Außerdem ermächtigt Art. 3 Abs. 5 der Richtlinie 2006/115, der die Formulierung von Art. 2 Abs. 6 der Richtlinie 92/100 aufgreift, die Mitgliedstaaten, eine ähnliche Vermutung in Bezug auf die Urheber vorzusehen.
Unter Berücksichtigung dieser Vorbemerkungen ist die Frage des vorlegenden Gerichts so zu verstehen, dass es im Wesentlichen darum geht, ob das Unionsrecht dahin auszulegen ist, dass es den Mitgliedstaaten die Möglichkeit lässt, eine solche Abtretungsvermutung auch in Bezug auf die Verwertungsrechte an dem Filmwerk, wie sie im Ausgangsverfahren in Rede stehen (Recht zur Ausstrahlung über Satellit, Vervielfältigungsrecht und jedes andere Recht zur Wiedergabe im Wege der öffentlichen Zugänglichmachung), aufzustellen, und welche Bedingungen bejahendenfalls dafür gelten.
In Bezug auf das Ziel, das den mit der Vorlagefrage angesprochenen Bestimmungen der Richtlinie 2006/115 zugrunde liegt, ist der fünfte Erwägungsgrund dieser Richtlinie heranzuziehen, in dem ausgeführt wird, dass zum einen Urheber und ausübende Künstler, um ihre Tätigkeit ausüben zu können, eines angemessenen Einkommens als Grundlage für weiteres schöpferisches und künstlerisches Arbeiten bedürfen und dass zum anderen die insbesondere für die Herstellung von Tonträgern und Filmen erforderlichen Investitionen außerordentlich hoch und risikoreich sind. Die Möglichkeit, ein solches Einkommen sicherzustellen und solche Investitionen abzusichern, kann nur durch einen angemessenen Rechtsschutz für die jeweils betroffenen Rechtsinhaber wirkungsvoll gewährleistet werden.
Diesem fünften Erwägungsgrund der Richtlinie 2006/115 ist insbesondere zu entnehmen, dass ein Ausgleich gefunden werden muss, der einerseits den Rechten und Interessen der verschiedenen, an der durch den Film verkörperten Schöpfung beteiligten natürlichen Personen, d. h. des Urhebers oder der Miturheber des Filmwerks, und andererseits den Rechten und Interessen des Filmproduzenten, der die Initiative und Verantwortung für die Verwirklichung des Filmwerks sowie die mit dieser Investition verbundenen Risiken übernommen hat, Rechnung trägt.

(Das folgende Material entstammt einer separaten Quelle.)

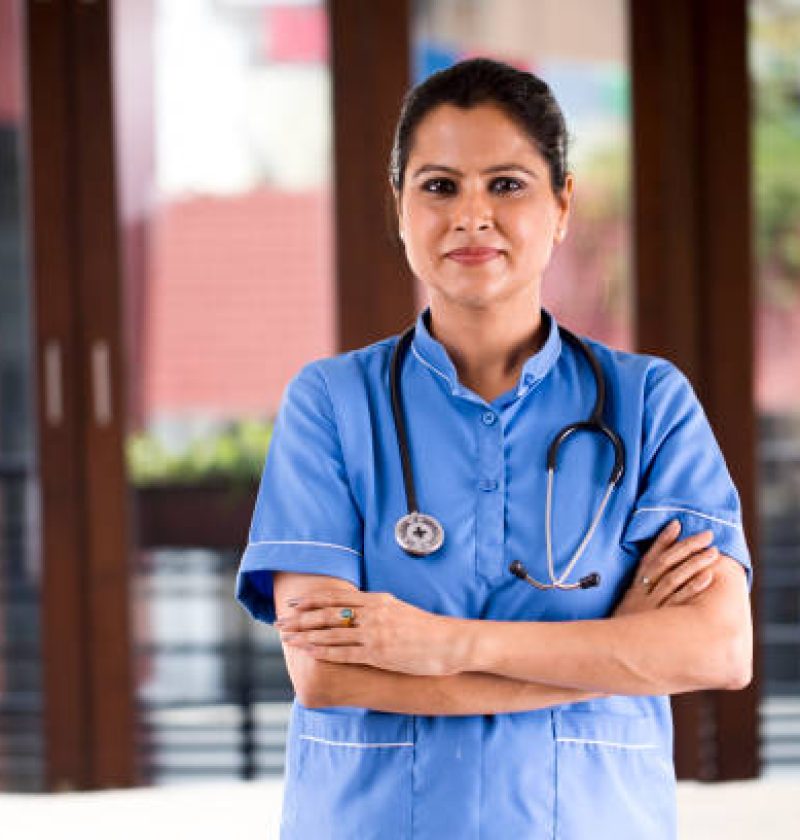 Smiling female nurse at hospital ward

Somit ist die Feststellung zulässig, dass im Rahmen der Richtlinie 2006/115 die Regelung der Vermutung einer Abtretung des Vermietrechts an den Filmproduzenten geschaffen wurde, um einer der Zielsetzungen nachzukommen, auf die sich der fünfte Erwägungsgrund dieser Richtlinie bezieht, nämlich, dem Produzenten eine Amortisierung der von ihm zur Verwirklichung des Filmwerks getätigten Investitionen zu ermöglichen.
Dabei hatte die Regelung der Abtretungsvermutung auch den Interessen des Hauptregisseurs des Filmwerks Rechnung zu tragen. Insoweit ist festzustellen, dass sie keineswegs die Regel in Frage stellt, nach der dem Urheber kraft Gesetzes das Vermiet- und Verleihrecht in Bezug auf sein Werk unmittelbar und originär zusteht. Mit dem ausdrücklichen Vorbehalt der Möglichkeit, dass „in den Vertragsbestimmungen … anderes vorgesehen“ wird, wollte der Unionsgesetzgeber dem Hauptregisseur nämlich die Möglichkeit einer anderslautenden Vereinbarung auf dem Vertragsweg erhalten.
Diese Vermutungsregelung ist somit entsprechend dem oben in Randnr. 78 erwähnten Ausgleichserfordernis so ausgestaltet, dass gewährleistet ist, dass der Filmproduzent das Vermietrecht an dem Filmwerk erwirbt, gleichzeitig aber der Hauptregisseur frei über seine Rechte als Urheber verfügen kann, um seine Interessen zu schützen.
Das Ziel, einen zufriedenstellenden Ertrag der Investition in den Film sicherzustellen, geht aber über den bloßen Schutz des in der Richtlinie 2006/115 geregelten Vermiet- und Verleihrechts hinaus, weil es sich auch in anderen einschlägigen Richtlinien findet.
So wird im zehnten Erwägungsgrund der Richtlinie 2001/29 bestätigt, dass beträchtliche Investitionen erforderlich sind, um Produkte wie Filme oder Multimediaprodukte herstellen zu können. Nur wenn die Rechte des geistigen Eigentums einen angemessenen rechtlichen Schutz genießen, kann deshalb ein zufriedenstellender Ertrag der Investitionen sichergestellt werden (vgl. in diesem Sinne auch Urteil vom 13. Juli 2006, Kommission/Portugal, C-61/05, Slg. 2006, I-6779, Randnr. 27).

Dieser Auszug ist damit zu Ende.